Im Folgenden soll versucht werden, verkürzt und auf die wesentlichsten Punkte beschränkt, eines der zentralen Themen in „Sein und Zeit“ darzustellen: der Übergang von der „uneigentlichen“ Seinsweise des menschlichen Daseins in seine „eigentliche“; vom „Man“ zum „Selbst“.

Vom Man zum Selbst – Das Uneigentliche wird Eigentlich

Das alltägliche Dasein, sagt Heidegger, verhält sich in einer vorherrschenden Seinsart zur Welt, nämlich des Aufgehens in der Welt. Es soll nun die Frage gestellt werden, wer in der Alltäglichkeit des Daseins aufgeht. Die Frage führt zu Strukturen des Daseins genannt Mitsein und Mitdasein als alltägliches Selbstsein. Das Subjekt dieser Alltäglichkeit nennt Heidegger das Man.

§ 25 Der Ansatz der existenzialen Frage nach dem Wer des Daseins

Die Antwort auf die Frage nach dem Wer des Daseins wurde, so Heidegger, im §9 als Hinweis auf eine ontologische Verfassung schon gegeben: „Dasein ist Seiendes, das je ich selbst bin, das Sein ist je meines.“[5] Das Wer entspricht dem ich selbst, dem Subjekt, dem Selbst, das in den Wechseln und Mannigfaltigkeiten des Erlebten als Identisches bestehen bleibt.

Die ontische Annahme eines Ich bedarf aber eines weiteren Hinterfragens, so Heidegger, denn das Ich darf nur als unverbindlich formaler Hinweis von etwas gesehen werden, das sich im Seinszusammenhang eventuell als sein Gegenteil, als Nicht-Ich herausstellen kann – und zwar in der Seinsart der Selbstverlorenheit.

Zur Beantwortung der Frage nach dem Wer darf aber keinesfalls von einem einzelnen Ich ausgegangen werden, denn die Untersuchung des In–der-Welt-seins zeigte: „Dass nicht zunächst „ist“ und auch nie gegeben ist ein bloßes Subjekt ohne Welt.
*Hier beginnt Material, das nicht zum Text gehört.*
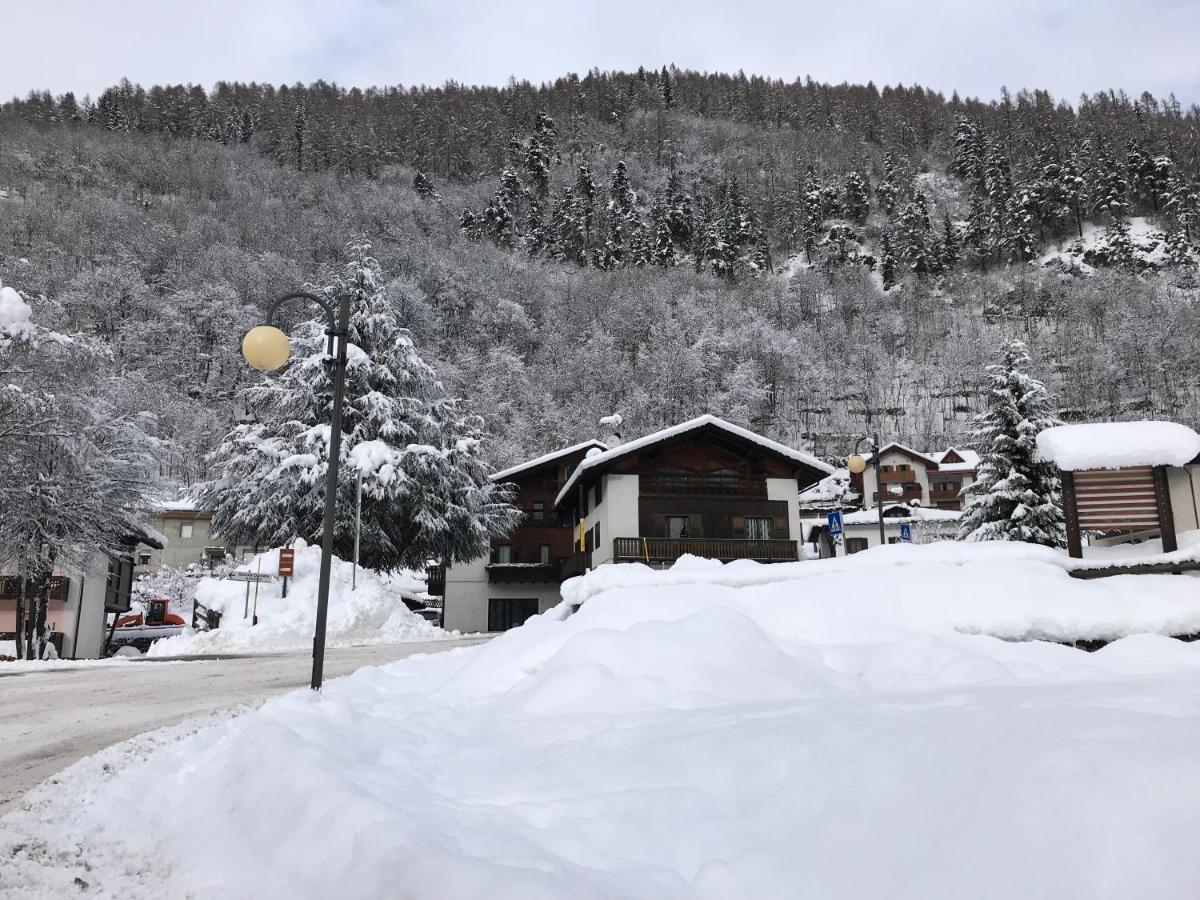 Casa Martini Lägenhet Mezzana  Exteriör bild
Und so ist am Ende ebenso wenig zunächst ein isoliertes Ich gegeben ohne die Anderen.“[6] Aber auch die Gegebenheit der Anderen bedarf einer Untersuchung, die Art des Mitseins bedarf einer ontologischen Interpretation.
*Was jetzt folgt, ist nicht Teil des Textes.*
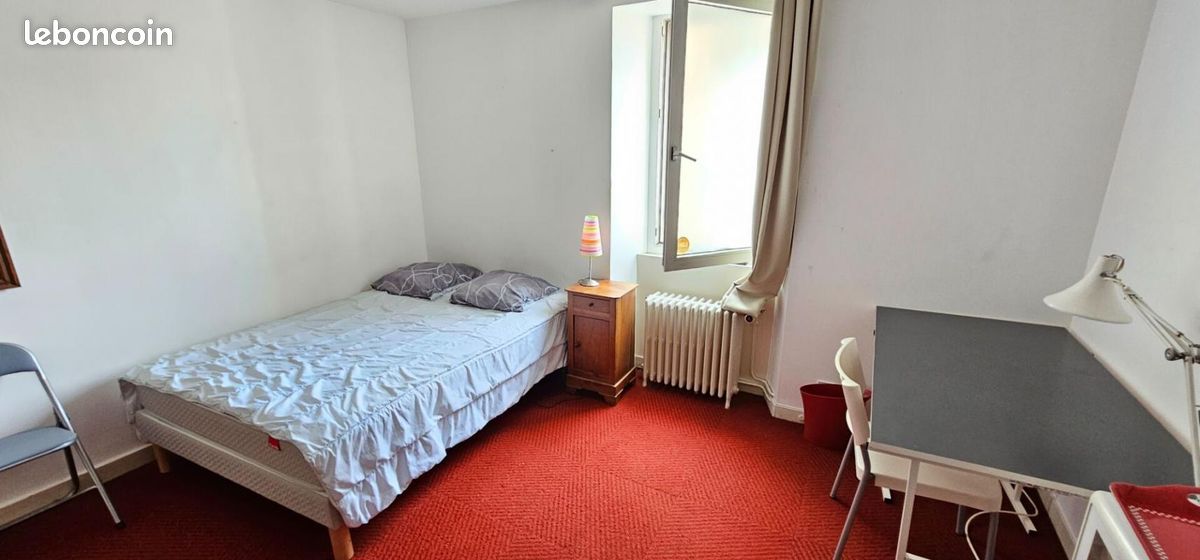 Appartement 1 pièce 15 m² - Poitiers 86000 (image principale 0)
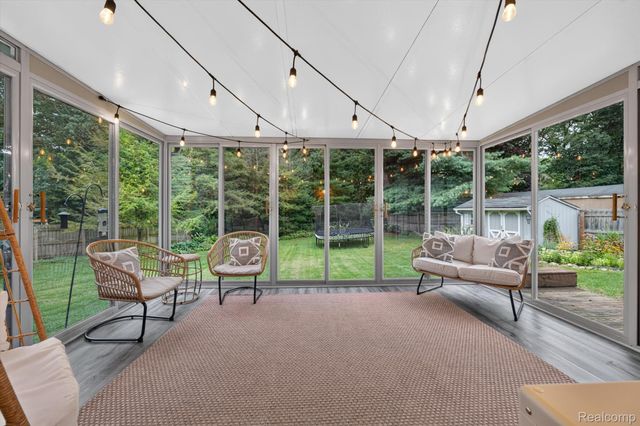 8965 Tartan Drive, Springfield Charter Township, MI 48348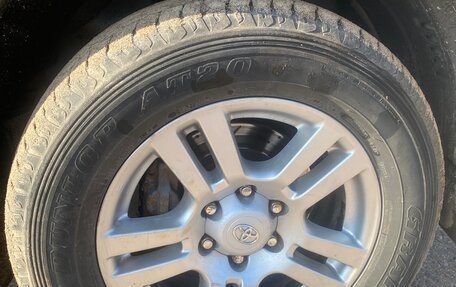 Toyota Land Cruiser Prado 150 рестайлинг 2, 2013 год, 3 500 000 рублей, 10 фотография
Heideggers Leitfaden bezüglich der Wer-Frage ist sein Gedanke, dass nicht der Geist als Synthese von Leib und Seele die Substanz des Menschen darstellt, sondern die Existenz.

§ 26 Das Mitsein der Anderen und das alltägliche Mitsein.

Da jeder Seinsmodus des Daseins durch das In-der-Welt-sein bestimmt ist, muss auch die Beantwortung der Wer-Frage von dieser Seinsart ausgehen.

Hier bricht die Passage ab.